- [Given information]:

=== Section Start ===

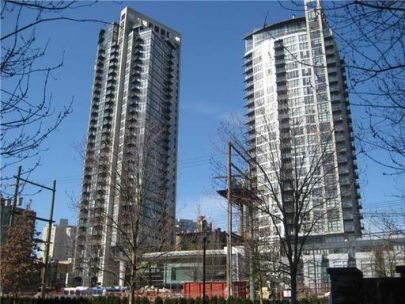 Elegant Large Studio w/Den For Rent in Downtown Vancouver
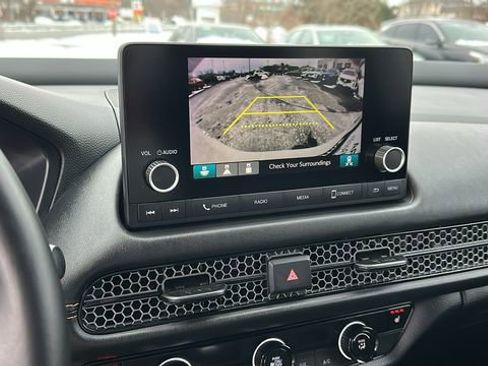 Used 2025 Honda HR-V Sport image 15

=== Section End ===
=== Section Start ===

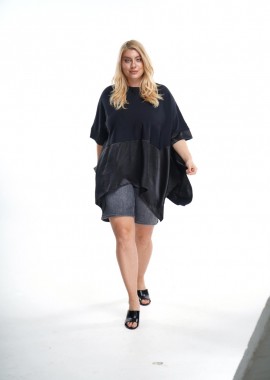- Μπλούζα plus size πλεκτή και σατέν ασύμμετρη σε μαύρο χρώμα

=== Section End ===

- [Assignment]:
After locating "Elegant Large Studio" and "Used 2025 Honda HR-V Sport image 15" in the records above, return exactly the line holding each one and every line between them; leave out the pictures.

- [Solution for this problem]:
 Elegant Large Studio w/Den For Rent in Downtown Vancouver
 Used 2025 Honda HR-V Sport image 15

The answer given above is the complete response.